Midlife is the time when many people hit their stride in their career… if by people we mean men. 

For women in the workplace, the years between 40 and 60 are a minefield. 

While men are clambering up the ladders, their female colleagues are caught up in the serpentine twists of balancing career and family. 

This is not new, but women’s progress at work has fallen for the first time in a decade, in a worrying development highlighted by The Economist. 

The reversal, the magazine says, is at every level, from part-time work to women’s share of senior executive positions. 

The gender pay gap is expanding across the developed world and, in the UK, it has widened for women in their 40s. 

Gap: The gender pay gap is expanding across the developed world

Gap: The gender pay gap is expanding across the developed world

This is blamed on the ‘motherhood penalty’, which is certainly a major part of it.

However, there are pernicious, long-standing prejudices against midlife women at work that are not connected to child-bearing status. 

Culturally, women are seen as less authoritative, are given less respect and are deemed to have low status even when this is not the case. 

Frequently, these prejudices are unconscious: a man last week lectured me on gender bias in the media, while making assumptions about women’s professional status and authority that were themselves unthinkingly sexist. 

Even relatively minor behaviour can have a cumulative effect. A study published recently in the Harvard Business Review into interruptions found that women are more likely to be cut off before being given a chance to express an idea. 

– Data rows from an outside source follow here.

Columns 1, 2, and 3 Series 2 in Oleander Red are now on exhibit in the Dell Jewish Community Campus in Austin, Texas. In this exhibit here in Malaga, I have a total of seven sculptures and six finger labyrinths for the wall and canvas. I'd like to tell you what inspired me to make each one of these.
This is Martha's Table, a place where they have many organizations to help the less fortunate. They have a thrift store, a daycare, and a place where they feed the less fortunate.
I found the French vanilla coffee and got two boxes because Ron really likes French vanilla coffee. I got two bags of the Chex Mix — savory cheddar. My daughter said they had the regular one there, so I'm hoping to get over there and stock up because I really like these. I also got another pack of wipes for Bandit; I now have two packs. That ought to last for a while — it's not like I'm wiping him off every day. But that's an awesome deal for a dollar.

If they are allowed to finish, their contribution is more likely to be claimed by, or attributed to, someone else. 

It may appear a trivial irritation, but it sends a signal that women are less worth hearing, and a message to women to keep quiet. 

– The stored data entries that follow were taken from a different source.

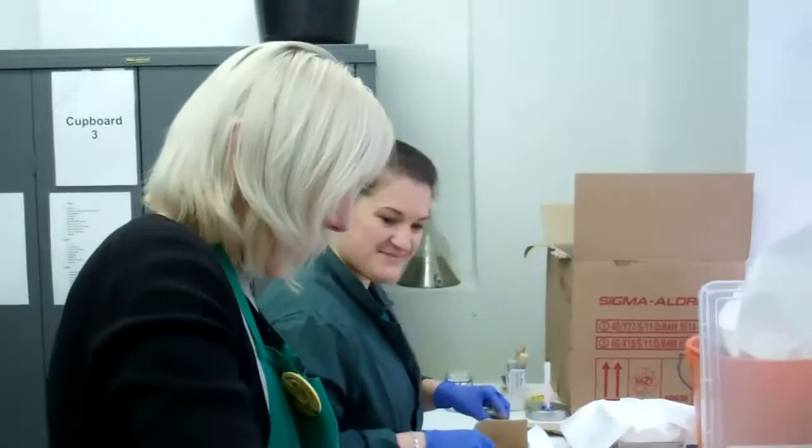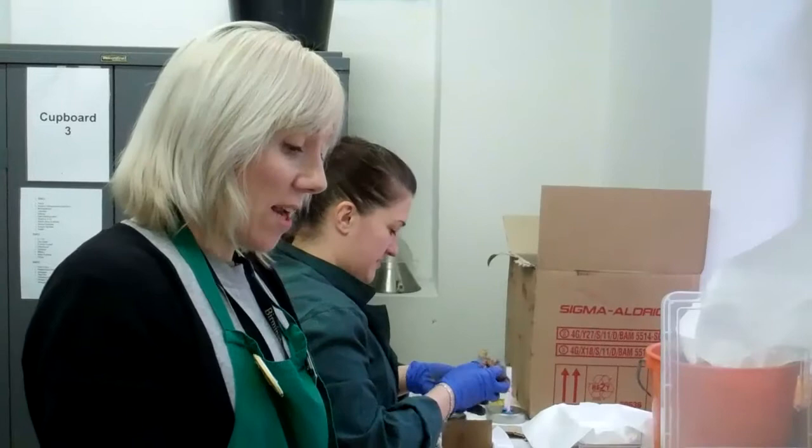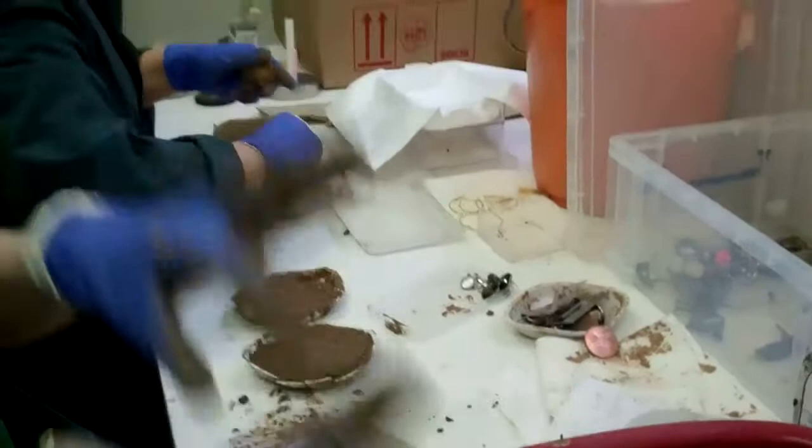We're making up some mock hoard finds. We have an Anglo-Saxon Open Day on the 16th February and we're doing an interactive for kids. So we're basically putting bits of old jewellery, some plastic soldiers, all sorts of things in some soil blocks that we're creating. And then the kids will be able to use exactly the same tools we are — thorns in a pin vise — to try and actually uncover the finds in the soil.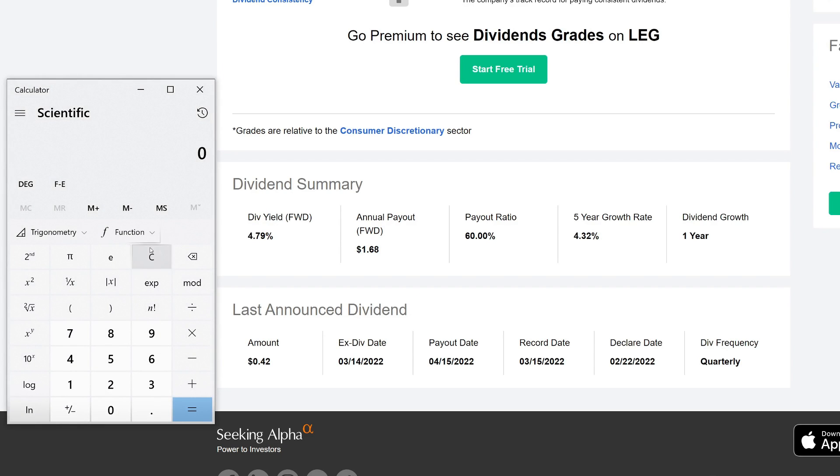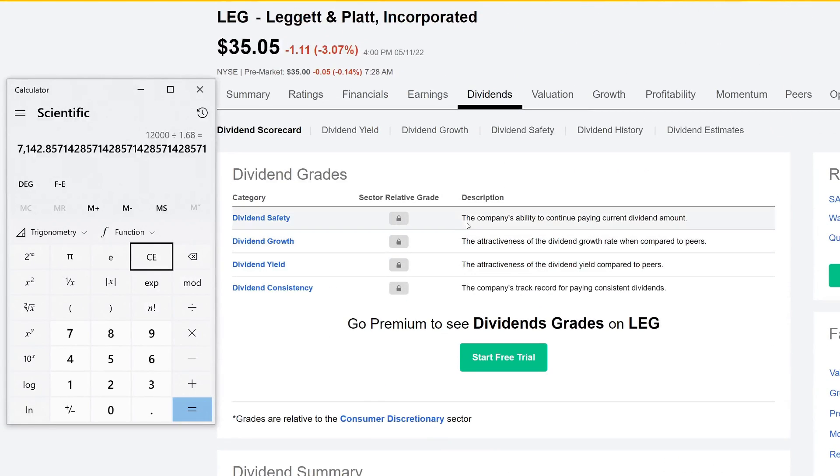Let's go ahead and do the calculations. I'm going to pull up the calculator. The first thing we're going to figure out is how much money we need to have invested in Leggett and Platt to make $1,000 every single month. That is the goal one day — Leggett and Platt is actually in my dividend growth portfolio. So we want to make $1,000 every month. There are 12 months in a year, so for the full year we need to make $12,000 in dividends. We divide that by the annual payout of $1.68 to get the total number of shares needed. Now we multiply that by the share price of $35.05.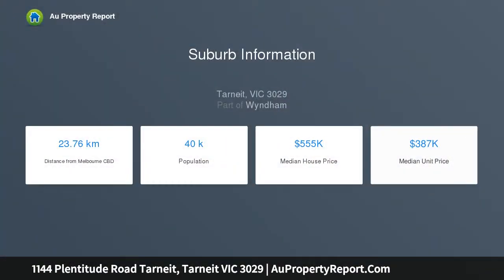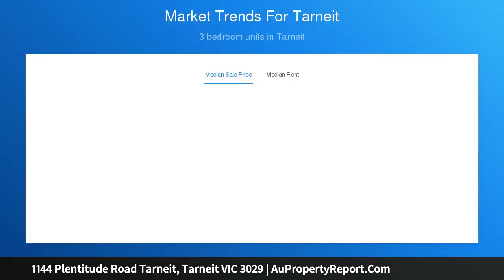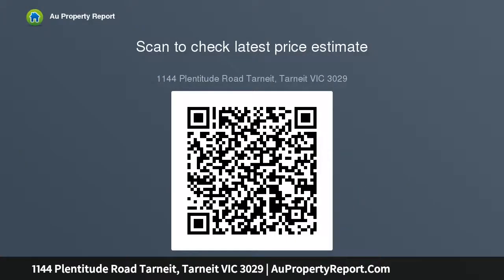Warm and inviting, the smallest member of the 21 range is by no means short on features and charm, including three bedrooms, master ensuite, walk-in robe and an open plan living space. All your essential features are included in this narrow footprint, suitable for a minimum 10.5 meters lot width.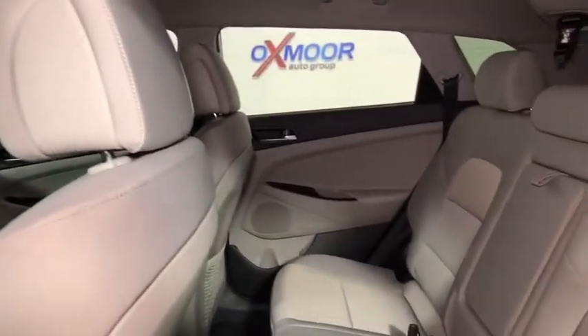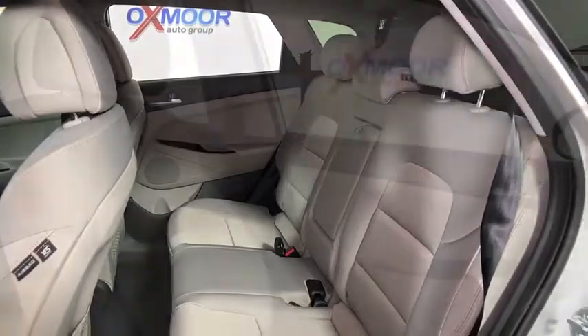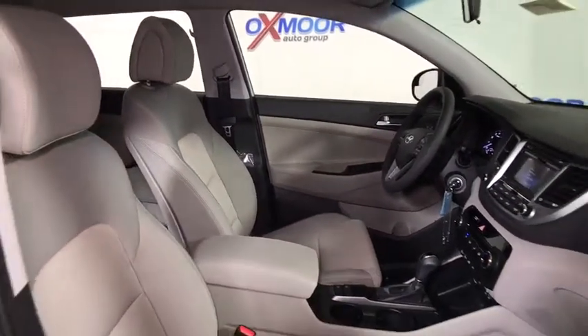CD player, rear window defroster, fog lamps, trip computer, brake assist, remote keyless entry, tachometer, overhead console, panic alarm, driver vanity mirror. This beauty is sure to make you the talk of the neighborhood, so call or drop in.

At the top, highly qualified women are, to paraphrase former Meta chief Sheryl Sandberg, ‘leaning out’. 

Sandberg’s Lean In organisation has been tracking female ambition for more than a decade with consultants McKinsey. 

Their latest findings show that for the first time, women’s ambitions are shrinking, perhaps because of sheer discouragement as companies’ commitment to gender equality is fading. 

The study is based on corporate America, where President Donald Trump has made known his distaste for diversity and equality programmes, and businesses have acted accordingly, but what happens in the US tends to spread to UK plc. 

As if the midlife woman at work did not have enough to vex her, along comes AI, with a whole new cluster of perils. 

Female-dominated jobs, including admin and business support, are more likely to be disrupted by the technology – 29 per cent are heavily exposed to automation compared with 16 per cent of ‘male’ roles, according to the International Labour Organisation. 

Large language models are trained on historical data, which reproduces stereotypical gender roles. 

When I asked AI to give me examples of ‘older’ male and female leaders, the men it suggested were in their 70s and up, while the women were in their 50s. 

Kate Alessi, the boss of Google UK – herself a rare woman at the top of tech – points out that older women are also likely to be left behind for pay rises and promotions by AI ‘super-users’, who are predominantly young, urban and male. 

Only 4 per cent of women over 55 are advanced users while nearly a quarter say they wouldn’t know where to begin. 

This is due to a lack of confidence, not a lack of ability. If we are not careful, the old glass ceiling for women at work will be replaced by a new silicon one.